New Report Cites Improvements at Troubled Ohio Prison
New Report Cites Improvements at Troubled Ohio Prison
Prisoner-on-staff assaults at the Toledo Correctional Institution (TOCI) in Ohio continued to rise in fiscal year 2014, but a recent report from a state inspection team indicates the facility has made improvements in other areas, and prisoner-on-prisoner assaults have declined significantly.
The report, released on November 24, 2014, also revealed marked improvement in overcrowded conditions at the prison.
The Ohio Correctional Institution Inspection Committee found during its review of the facility that the total number of assaults during FY 2014 dropped 5.7% compared to the same period the previous year.
“The institution is overall safer, with a perceptibly more secure environment,” the report stated. “Healthcare services, which have traditionally been problematic at TOCI, have drastically improved. Fair treatment accountability – including the grievance procedure and the inmate disciplinary system – has improved and conditions in segregation were very good. Access to purposeful activities has increased and reentry planning is significantly better than in the prior year,” the study found.
The report cited a dramatic drop in the population at TOCI – 18.3% in FY 2014 compared to a year earlier. The population count, taken on September 29, 2014, indicated 1,035 prisoners were housed at the facility; nearly 1,000 were classified as either close- or maximum-security.
The Correctional Institution Inspection Committee conducted inspections at TOCI on September 29, October 1 and October 2, 2014.
The resulting report was in sharp contrast to a scathing study issued by the same agency in 2013, which cited increases in assaults and three prisoner homicides during the previous year, plus a 113% increase in prisoner-on-prisoner assaults and a nearly 74% jump in prisoner-on-staff violence.
The 2014 report further noted that the facility had hired additional staff, a point of contention for many years with the Ohio Civil Service Employees Association (OCSEA), the union that represents prison employees.
In early October 2012, discontent with understaffing reached a boiling point when prison workers rallied outside TOCI to draw attention to violence that union leaders said was the result of overcrowding, understaffing and Ohio’s 2011 prison reform program that separated first-time offenders and those preparing to be released from more violent prisoners, who were then concentrated in four state facilities, including TOCI.
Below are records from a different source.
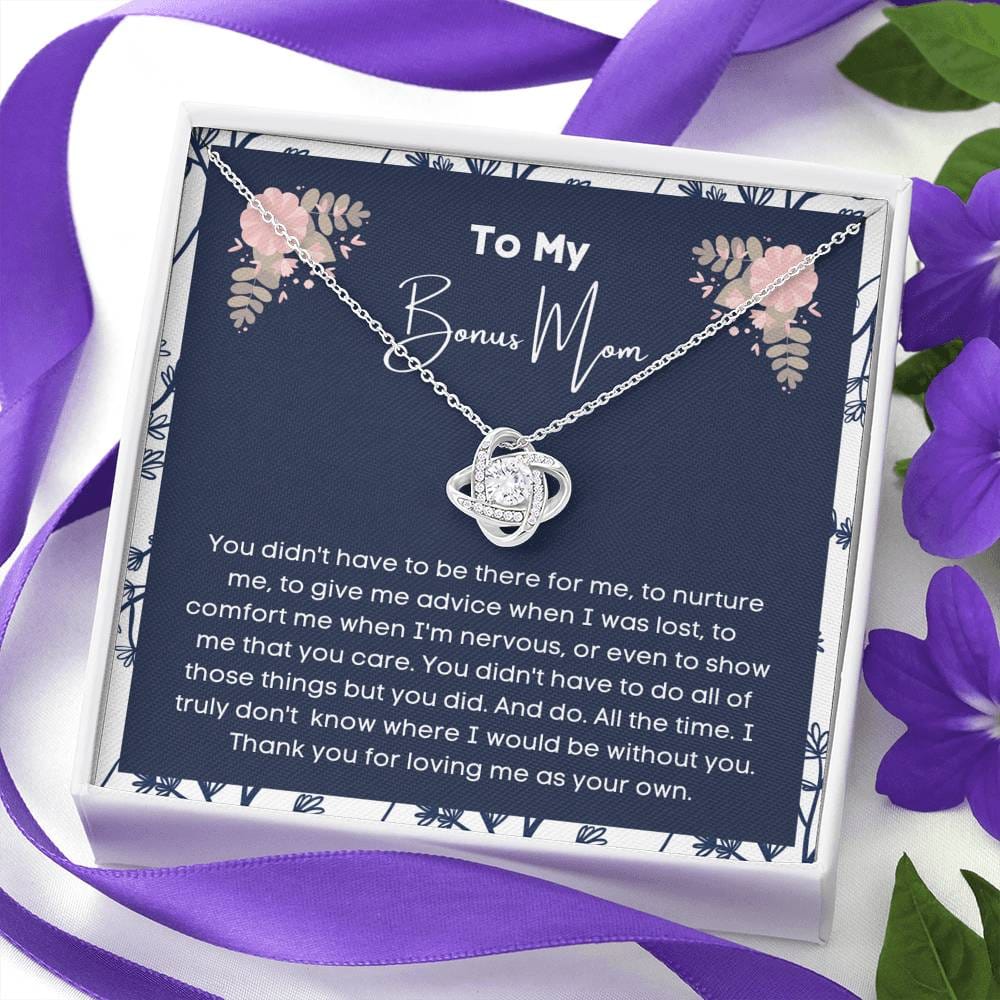 To My Bonus Mom - You didn't Have To Be There For Me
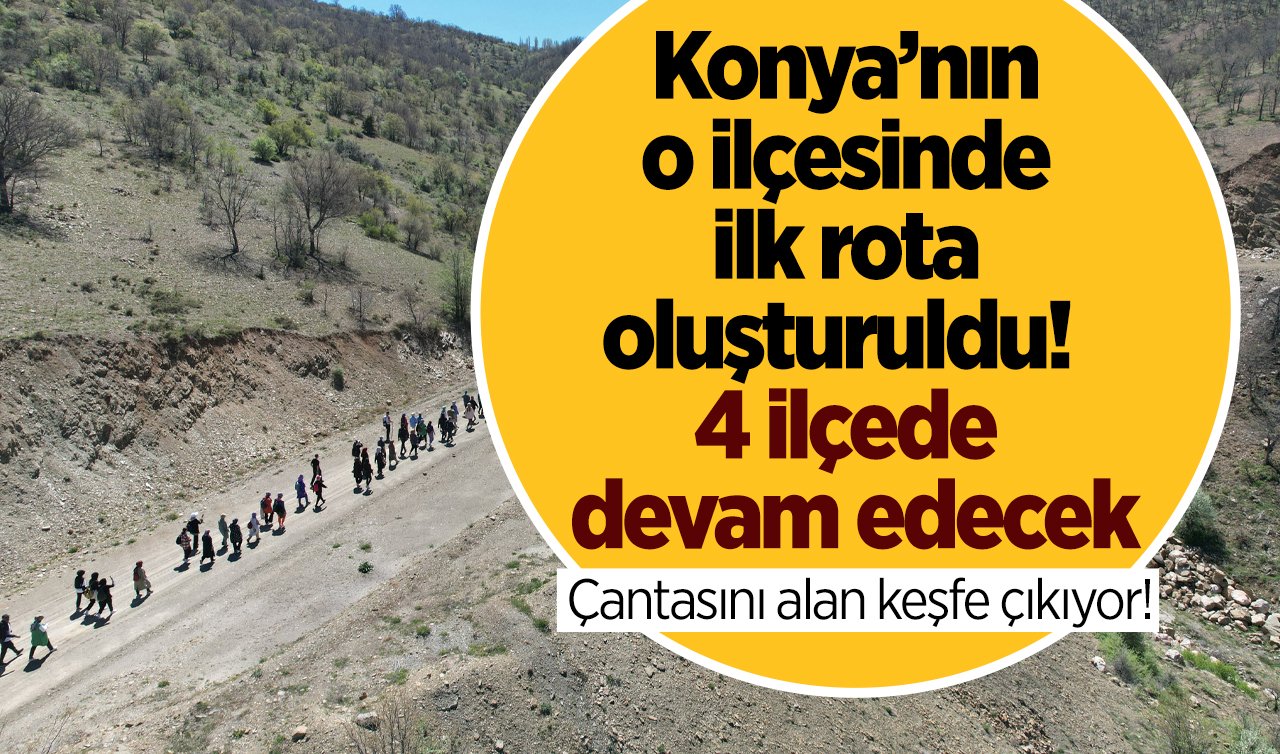  EŞSİZ BİR FIRSAT | Konya’nın o ilçesinde ilk rota oluşturuldu!  4 ilçede devam edecek: Çantasını alan keşfe çıkıyor! 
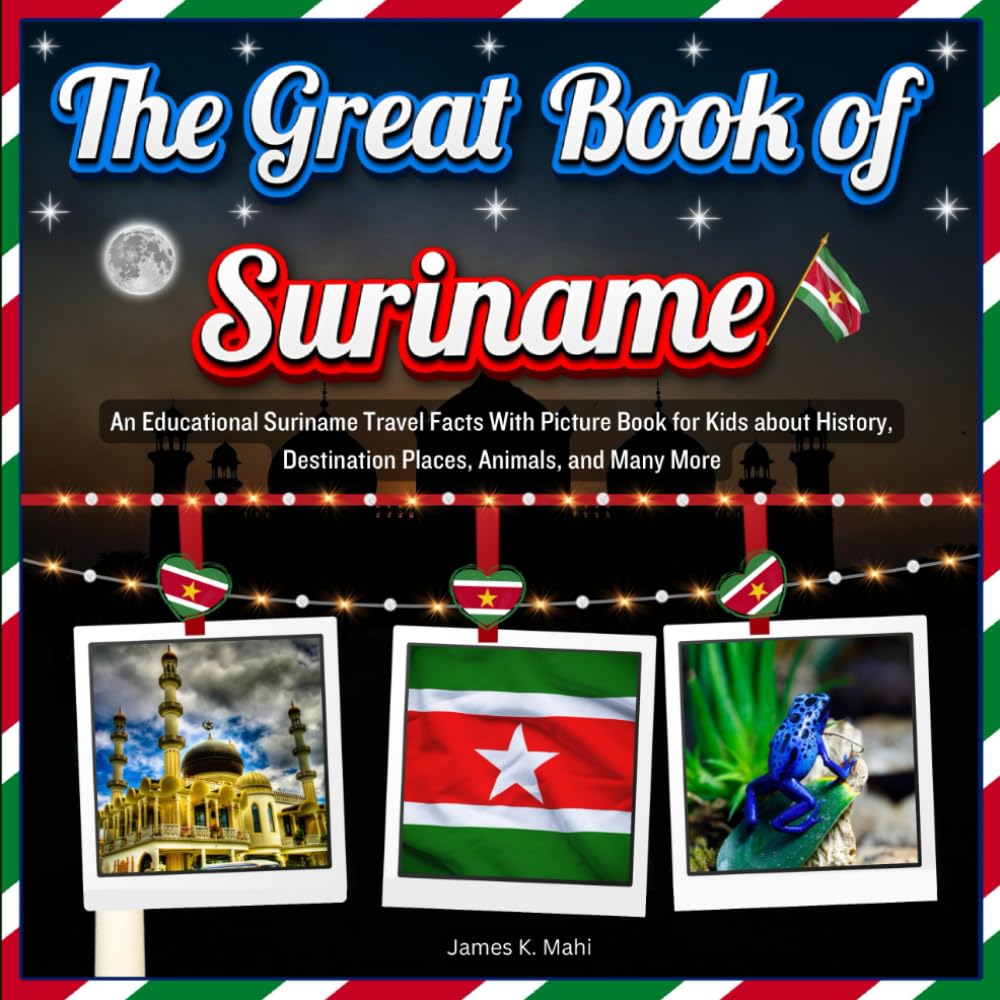 The Great Book of Suriname: An Educational Suriname Travel Facts With Picture Book for Kids about History, Destination Places, Animals, and Many More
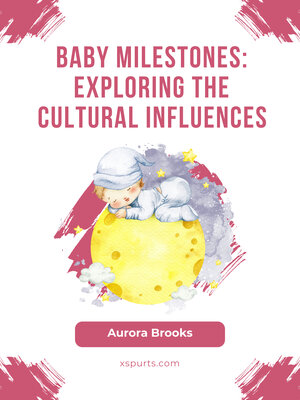 cover image of Baby Milestones- Exploring the Cultural Influences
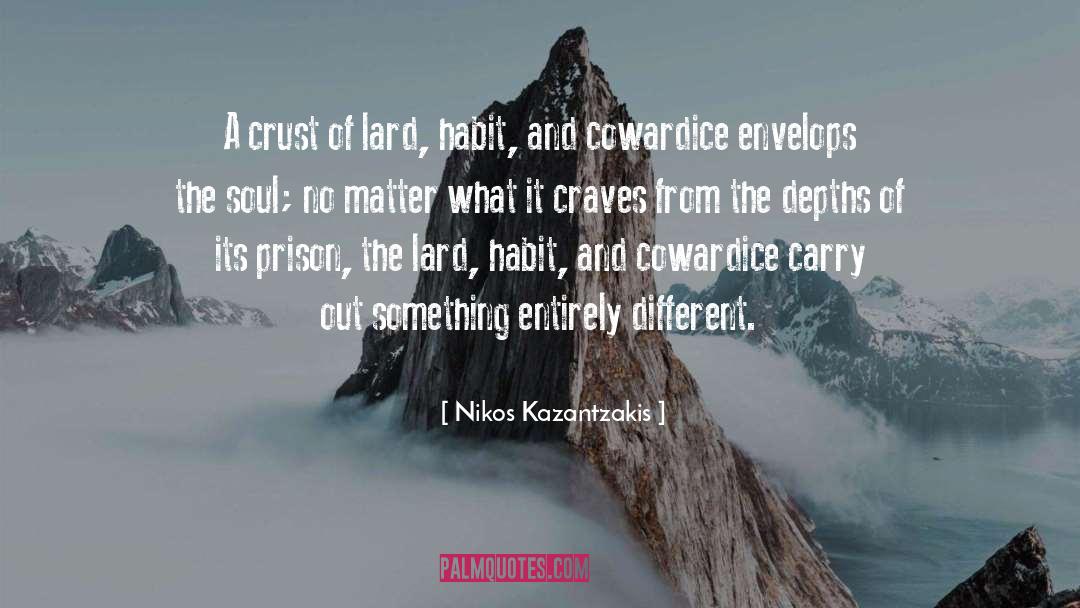 Lard quotes by Nikos Kazantzakis
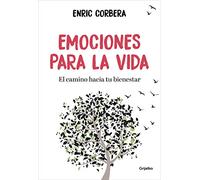 Emociones para la vida: El camino hacia tu bienestar (Crecimiento personal)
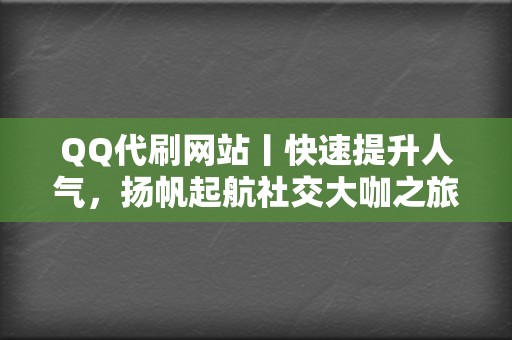 QQ代刷网站丨快速提升人气,扬帆起航社交大咖之旅 第2张 QQ代刷网站丨快速提升人气,扬帆起航社交大咖之旅 第2张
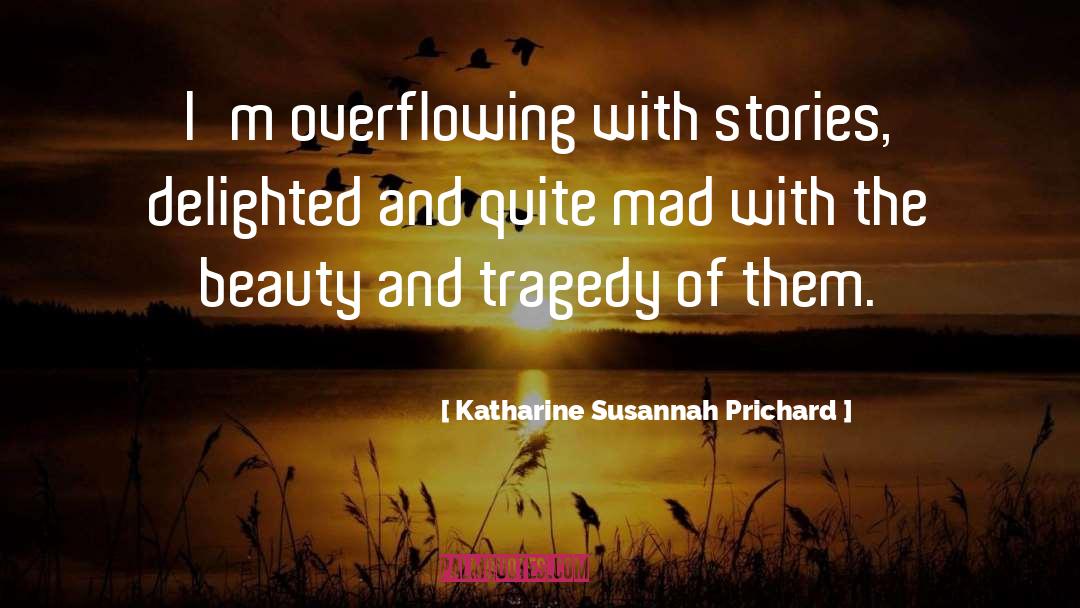 Katharine Susannah Prichard Quotes: I'm overflowing with stories, delighted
The 2014 report by the Inspection Committee also pointed to other improvements at the prison, noting that staff at TOCI had worked to treat prisoners more fairly and had improved the grievance procedure and disciplinary system.
The study’s authors added, however, that improvements are still needed. For example, the report recommended that TOCI officials develop more strategies to reduce violence and evaluate the disproportionate use of force against black prisoners.
Also, TOCI has not eliminated prisoner homicides. The Ohio Department of Rehabilitation and Correction (ODRC) reported that in March 2013, TOCI prisoner Arturo Lopez was strangled in his cell at the facility. Then in August 2013, James Oglesby was beaten to death by another prisoner with a baseball bat, and two months later Michael Dodson was fatally assaulted by his cellmate.
Systemwide, Ohio’s prisons remain overcrowded and often violent institutions. State officials reported on December 3, 2013 that a prisoner was killed in his cell at the Grafton Correctional Institution. ODRC spokesperson Ricky Seyfang said Gerald Pierce, 65, died during a struggle with his cellmate.
TOCI warden Ed Sheldon, who assumed his position at the facility in November 2011, pointed to the state’s prison reform program as the underlying systemic issue.
“The higher-security prisoners are going to take one for the team,” Sheldon explained at the time. “We’re going to get the problem children away from the inmates who want to be rehabilitated. The trade-off is the higher-security prisons are going to be getting more violent inmates,” he added. “These guys, they react. They don’t think. They’re assaultive, they’re disruptive, they’re predatory.”
“When you put the most violent inmates in the same institutions, it’s a recipe for disaster,” agreed Jimmy Adkins, president of OCSEA’s Corrections Assembly.